美咲からの返事が返ってきたので、詳しくはまた連絡することにして電話を切った。おそらく、この後は女子三人でまた盛り上がるのだろう。旅館と、美咲の家の近くのレンタカーの予約をして一息つく。


()()()()に行こうとしたきっかけはきっかけとして、せっかく美咲と一緒に行くのだから旅行を楽しもう。そう自分に言い聞かせてパソコンの電源を切った。




土曜日、美咲の家の最寄り駅まで電車で行き、予約してあったレンタカー店に寄る。今までもここで車を借りて美咲とドライブに出かけたこともあったが、一泊二日というのは初めてだ。


車を運転するのは好きなので、いつかは自分の車も所有したいと思っているが、今のライフスタイルでは難しいかもしれない。『いつか』のための願掛けでETCカードだけは持っているが、人に言ったら笑われるだろうか。


ほぼ時間通りに美咲の家に着くと、家族みんなが玄関から出て外で待っている。


「おはようございます。すみません。美咲さんをお借りします」

「いいよ、いいよ。貸してあげるし、なんなら返してくれなくてもいいし」


お父さんは笑いながら言う。そんな様子を見た美咲はなんだか嬉しそうで、妹の美波ちゃんは羨ましそうだ。


この家に初めて来たときに暖かく迎え入れてもらい、それから何回も来て両親とも一緒に食事をして楽しい時間を過ごしたこともある。

だからと言って、娘を泊りで連れ出すのに『どうぞ、どうぞ』的な対応はいいのだろうか。僕のことが過大評価されているのではないかと心配になる。


美咲は付き合う前から僕のことは家で話していたらしい。美波ちゃんも僕に対しては当たりもいいが、きっと美咲のロビー活動のおかげなんだろう。


美咲の荷物を車に積んで、見送ってくれる家族に手を振りながら僕たちの旅行はスタートした。



美咲には岐阜県の旅館に泊まるということだけで、具体的な行き先は言っていなかった。ただ、『少し歩くかもしれないからラフな格好で』と伝えてあったので、今日はスポーティーな服装だ。

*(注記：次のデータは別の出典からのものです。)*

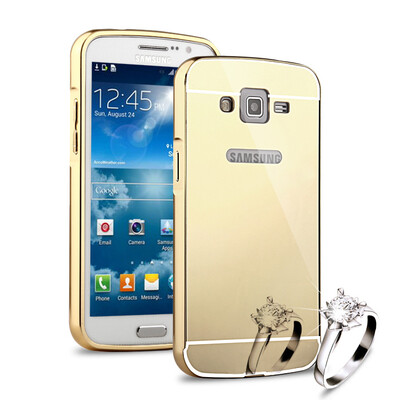 

MOONCASE Metal Frame Edge Mirror Back 2 in 1 Thin Case Cover for Samsung Galaxy G7106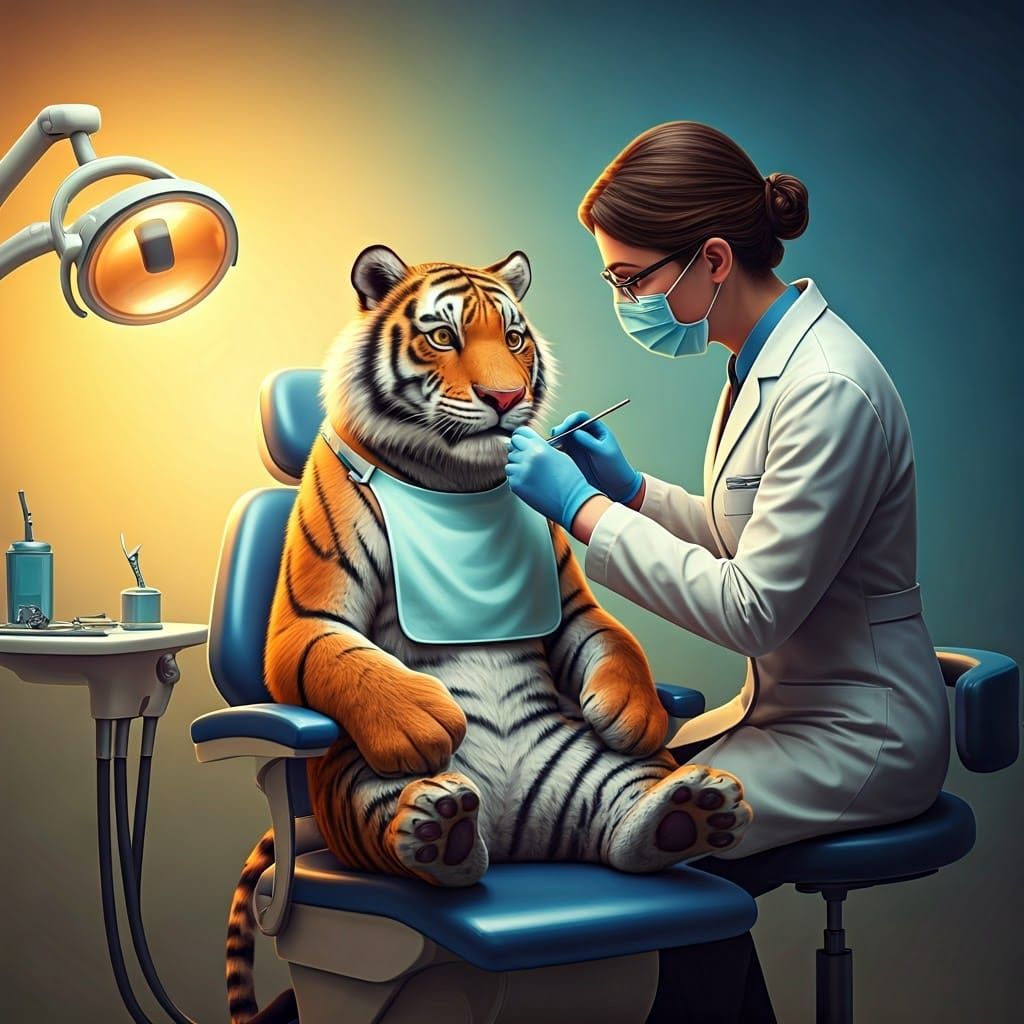 Tiger at the Dentist: 3D Animated Scene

「今日は奥美濃のほうまで行くね。この前テレビで紹介していて、とても景色がよさそうなところだったから、ぜひ美咲と行きたくなったんだ」

「いきなりだったからびっくりしちゃったけど。岐阜県って行ったことないし、人がごちゃごちゃしていなければいいわね」


そういえば、以前テーマパークに行ったときはイベント中ということもあり、人がごった返していたっけ。帰りは電車に乗るのにも一苦労するくらいだった。


「自然の中でまったり過ごすのも必要かなって思ってね。距離はそれなりにあるけれど、ほとんど高速道路だから困ることはないと思う。サービスエリアに寄りながらのんびり行こう」


美咲は朝から機嫌がよく僕の心も和む。首都高に入り気持ちも落ち着いてきた頃、後部座席に積んであった袋をもぞもぞと探り、チョコレートを取り出した。


「美波がお菓子セットを持たせてくれたの。二日間も好きな人と一緒だから、たくさん楽しんでねって」


一粒を僕の口に入れてくれる。


「なんか、いいね」


付き合うようになってから気づいた美咲の口癖。僕もそう思うから相槌だけうつ。自分たちだけしかいないのだから、何がいいかなんて詳しい説明はいらない。この空間が、この時間が心地よい。


ゴールデンウィークが終わったばかりだからか、中央自動車道に入っても車の数は少ない。もう少しすれば梅雨入りするのだろうが、天気予報では今日・明日は晴れで、絶好のドライブ日和だ。